Training with a specification

Vehicle compiles each @property in your specification into a callable loss function. Use one of the backend modules (PyTorch or TensorFlow) to load the compiled declarations into Python.

Loading declarations

Feed a .vcl file to the backend-specific load_specification helper.

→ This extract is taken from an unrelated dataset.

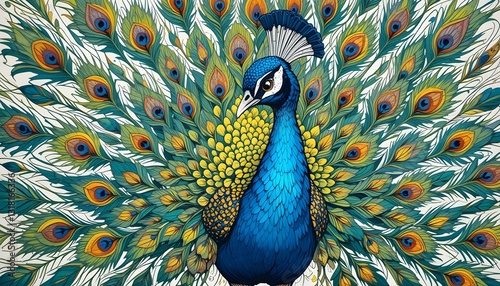 Exotic peacock illustration showcasing vibrant feathers, intricate details, artistic hand-drawn style, elegant pose, nature-inspired beauty, majestic, colorful, decorative, ornamental.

Each property becomes a callable entry whose signature mirrors the @network declarations referenced inside that property:

import vehicle_lang as vcl
from vehicle_lang.loss import pytorch as loss_pt

declarations = loss_pt.load_specification(
    "spec.vcl",
    logic=vcl.DifferentiableLogic.Vehicle,  # optional, defaults to DL2
)

constraint_loss_fn = declarations["output_bounded"]

Each callable returned by load_specification has a signature that mirrors the @network declarations referenced inside that property. Pass a Python callable for each network so the loss function can evaluate (and differentiate through) your model. A typical PyTorch training step looks like this:

import torch

model = torch.nn.Sequential(
    torch.nn.Linear(1, 8),
    torch.nn.ReLU(),
    torch.nn.Linear(8, 1),
)
optimizer = torch.optim.Adam(model.parameters(), lr=1e-2)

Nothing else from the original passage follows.